Dans une interview accordée au journal français L’Express et lue par Lecourrier-du-soir.com, Vincent Crouzet, ancien collaborateur de la DGSE (service de renseignement français), livre son avis sur les récents événements qui ont secoué l’Afrique ces derniers jours, notamment les coups d’Etat au Niger et au Gabon. Au regard de ce qui se passe sur le continent noir, le spécialiste de l’Afrique n’écarte pas l’hypothèse que le Sénégal et la Côte d’Ivoire tombent
Lecourrier-du-soir.com vous invite à lire l’interview dans sa version originale
Excellente lecture
L’Express : Après celui au Niger, le 26 juillet, le coup d’Etat en cours au Gabon, ce mercredi 30 août, ne semble pas avoir été anticipé. Y avait-il des signes avant-coureurs ?
Vincent Crouzet : On a observé des tensions pendant la période électorale. Ali Bongo était contesté. La mauvaise gouvernance donne prise à des critiques dures et au populisme. Mais il est inacceptable d’affirmer qu’une mauvaise gouvernance légitime un coup d’Etat.
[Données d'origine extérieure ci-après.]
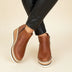 Botines de cuña de piel para mujer - Marrón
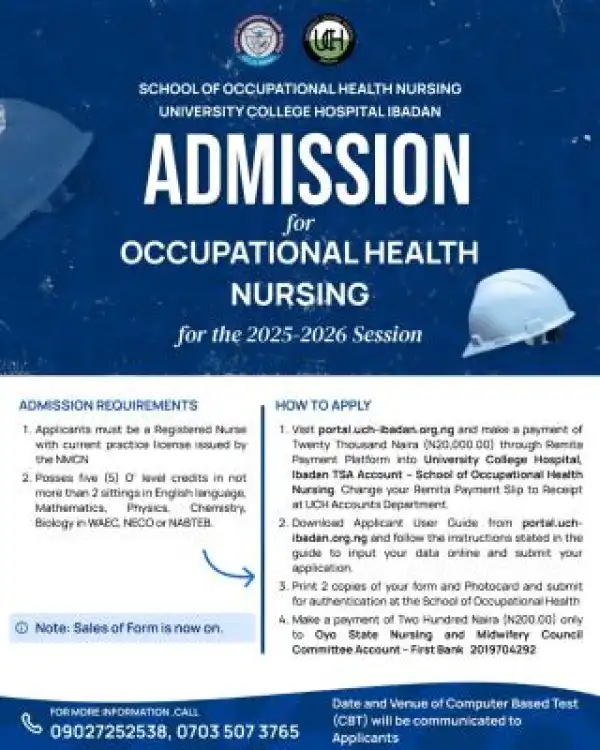UCH School of Occupational Health Nursing Admission for 2025/2026 Session
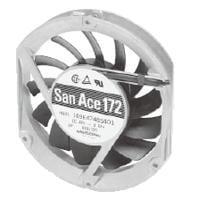 Sanyo Denki 109E4748M402 Axial DC Axial Fan, 172x147x25mm Round/Sidecut, 48VDC, Ribless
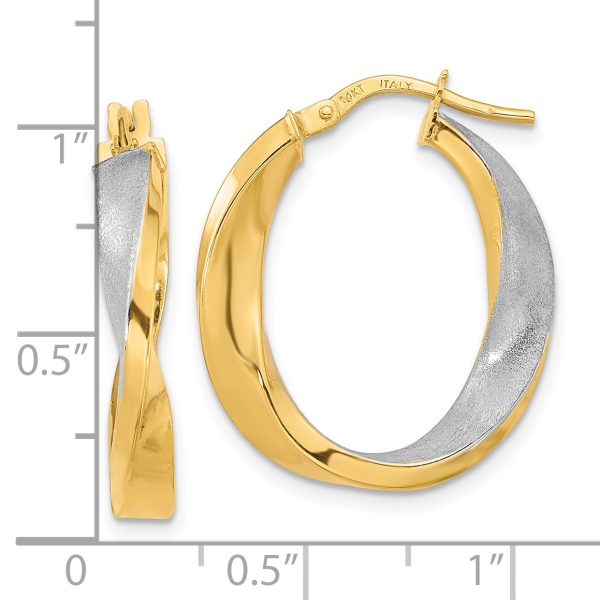 14K w/White Rhodium Polished and Satin Oval Twist Hoop Earrings - Image 2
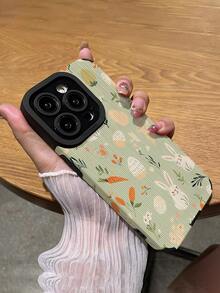 1pc Minimalist Rabbit & Egg Pattern Textured Soft Protective Phone Case, Suitable Compatible With Apple And Phones 17/17AIR/17PRO/17PROMAX, Classic Gift For Friends, Lovers - Multicolor - View 5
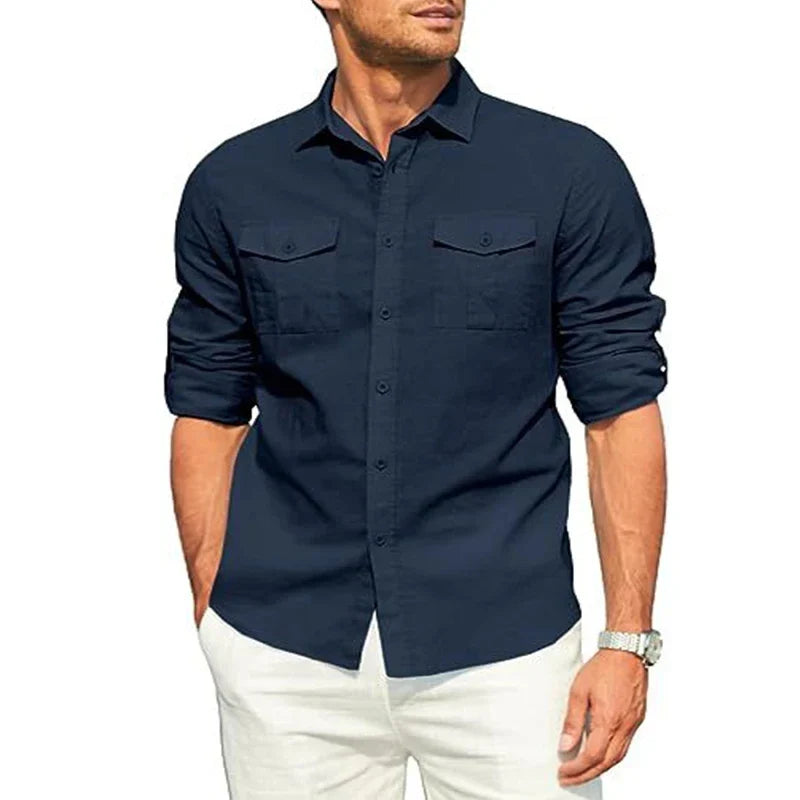 Hearujoy 2024 New Men's Casual Blouse Cotton Shirt Loose Tops Long Sleeve Tee Shirt Spring Autumn Casual Handsome Men's Shirts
Même si nombre de démocraties africaines sont imparfaites, il existe tout de même des exemples plutôt positifs, comme au Kenya, en Côte d’Ivoire ou au Sénégal. Il faut s’accrocher à ces signes d’espoir, parce que chaque fois que des militaires prennent le pouvoir par un putsch, des gens qui n’ont absolument aucune compétence pour gouverner, aucune compétence diplomatique pour négocier – comme on le voit au Niger – tirent le continent vers le bas.
En quoi ce coup d’Etat s’inscrit-il dans la logique des putschs récents au Mali, au Burkina Faso et au Niger ?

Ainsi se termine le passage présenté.